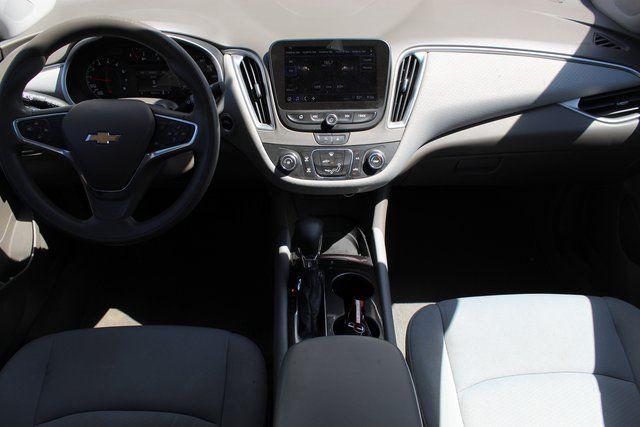 2021 Chevrolet Malibu FWD 1FL
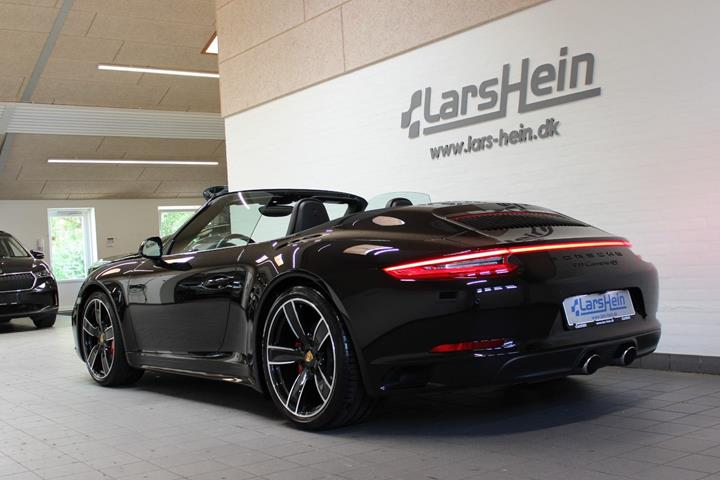 Sort Porsche 911 Carrera 4S fra 2017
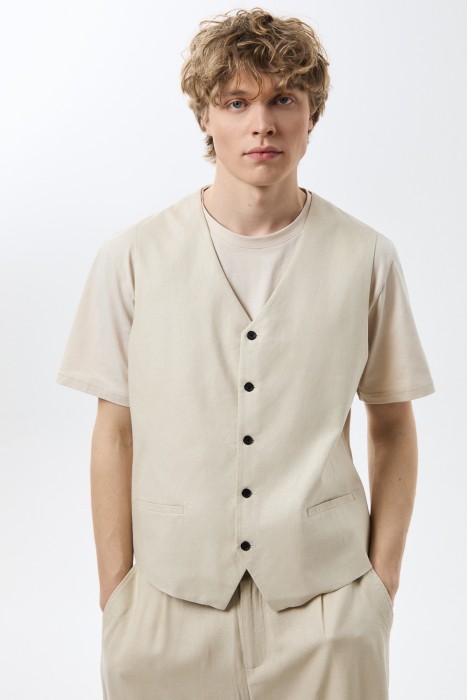 костюмный жилет от бренда снежная королева вид слева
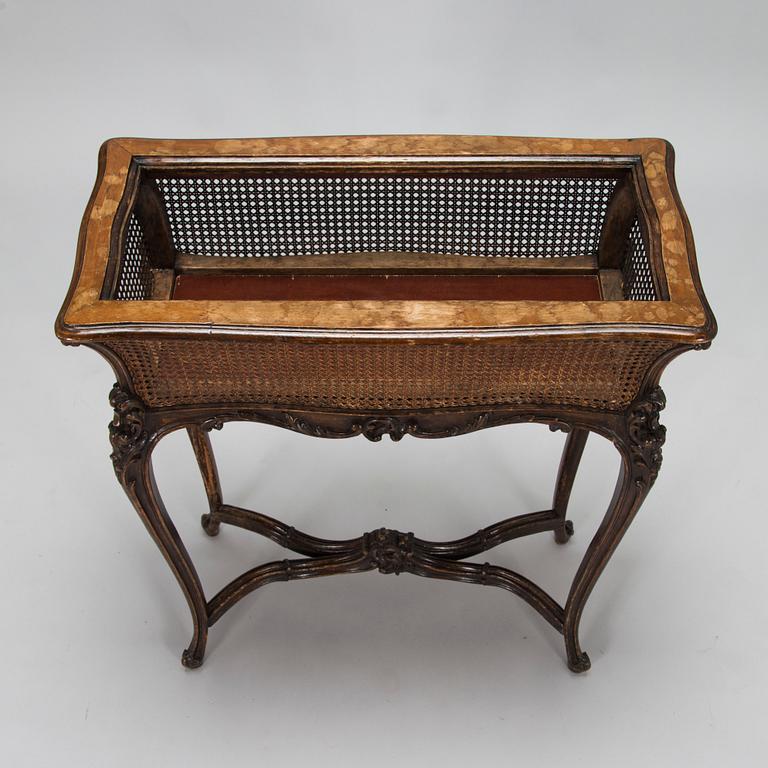 A late 19th-century plant stand.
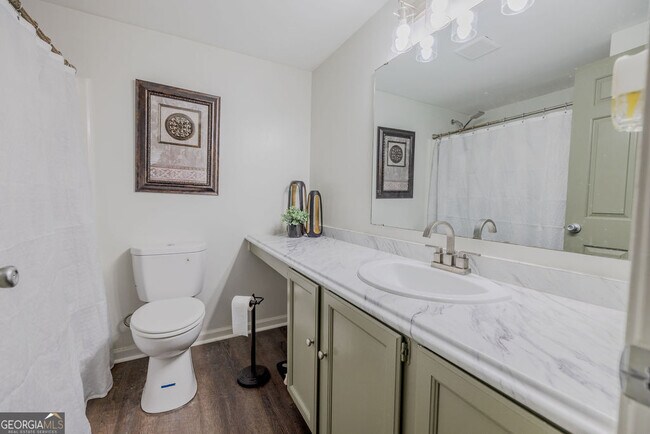 Building Photo - 2073 Raintree Pl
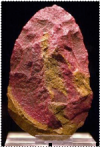 Hacha de mano de cuarcita roja, encontrada con restos fósiles humanos de 350,000 años de antigüedad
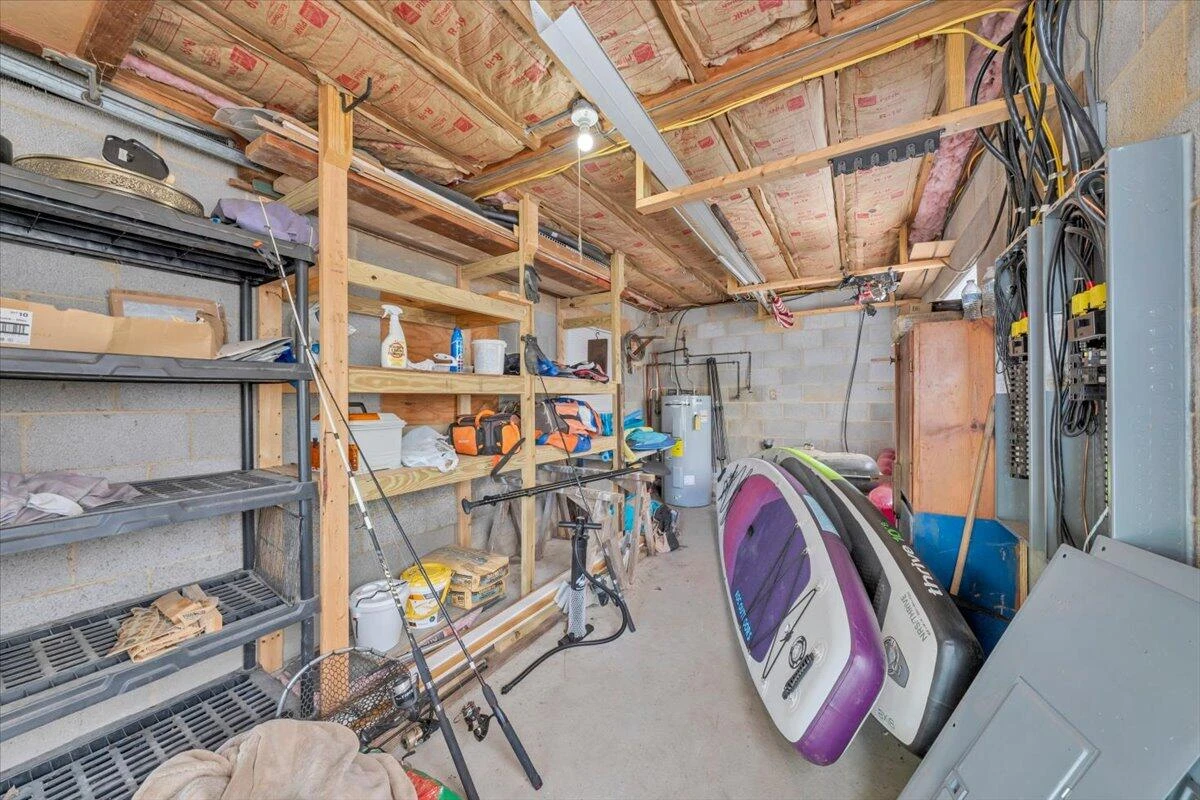 1355 Rosewood LN - Photo 35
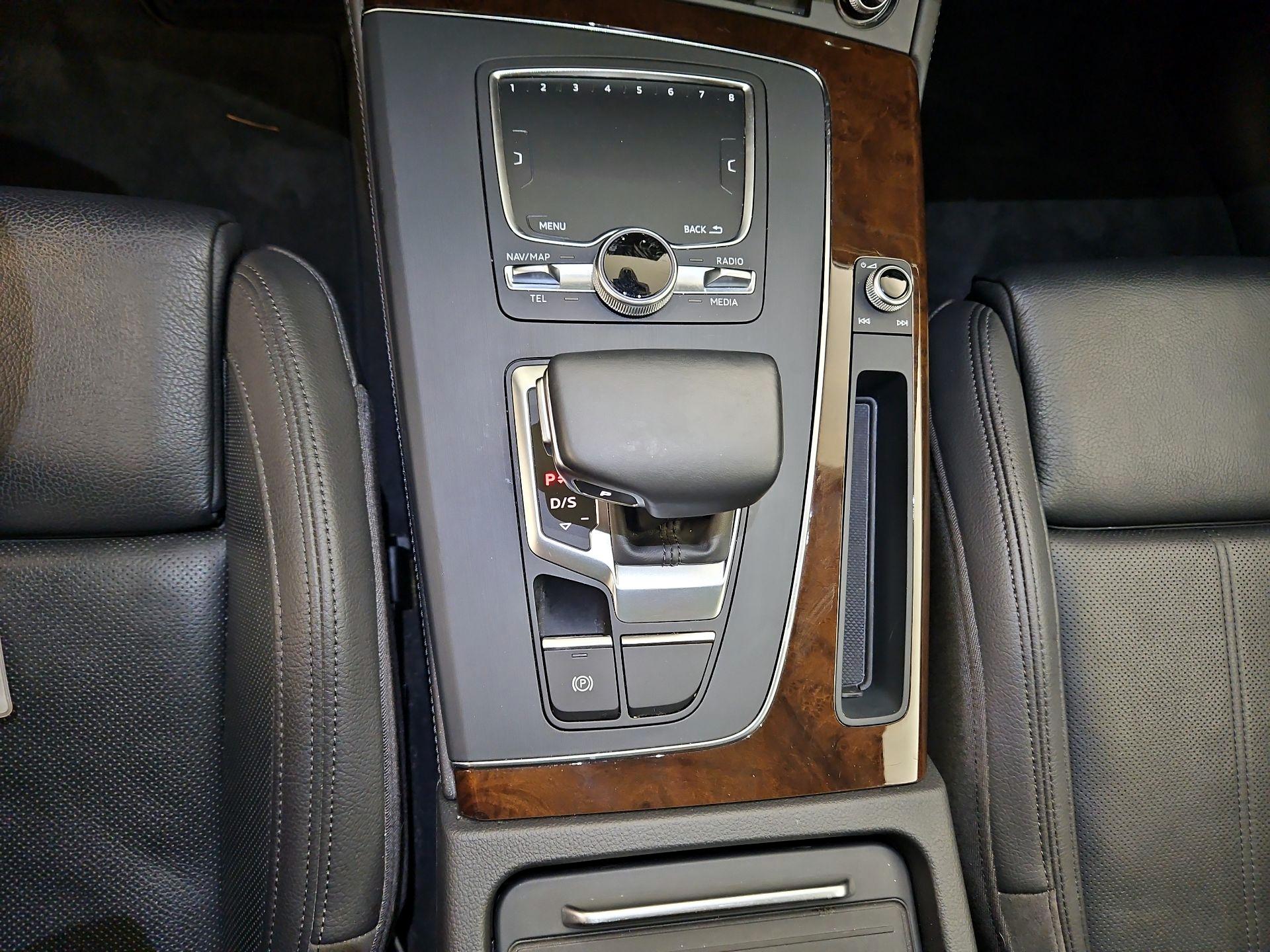 Thumbnail: 2019 Audi Q5 - 18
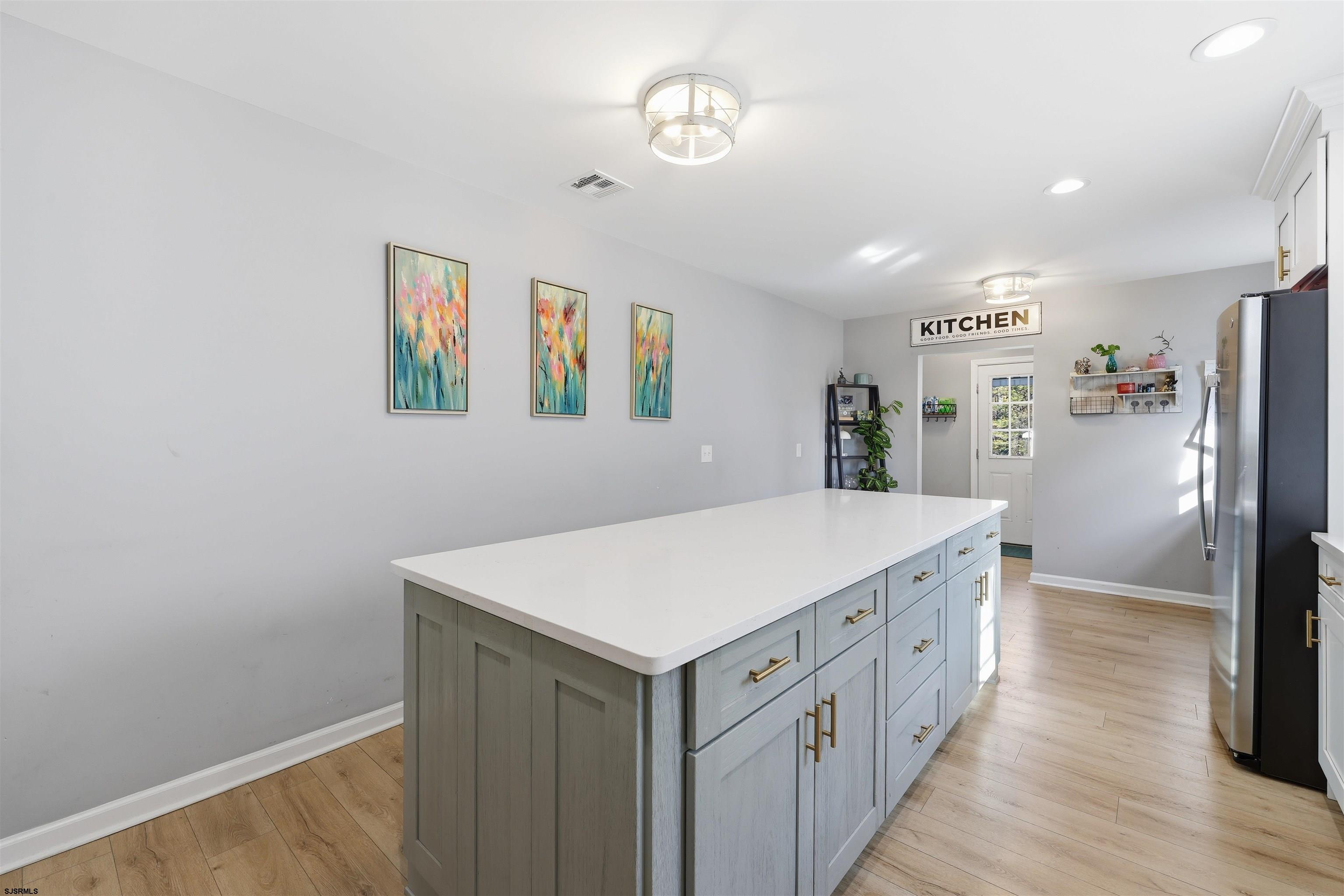 301 N 4th St Street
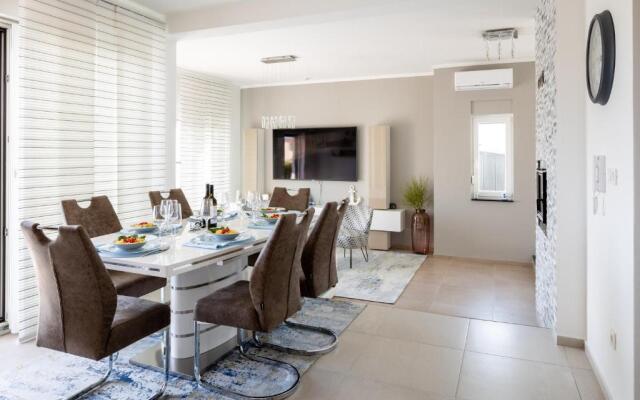 Luxury villa Mia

::::::::

WORK REQUIRED — The data must be reproduced exactly, and no picture may appear in the copy.

SOLVED EXERCISE —
 2021 Chevrolet Malibu FWD 1FL
 Sort Porsche 911 Carrera 4S fra 2017
 костюмный жилет от бренда снежная королева вид слева
 A late 19th-century plant stand.
 Building Photo - 2073 Raintree Pl
 Hacha de mano de cuarcita roja, encontrada con restos fósiles humanos de 350,000 años de antigüedad
 1355 Rosewood LN - Photo 35
 Thumbnail: 2019 Audi Q5 - 18
 301 N 4th St Street
 Luxury villa Mia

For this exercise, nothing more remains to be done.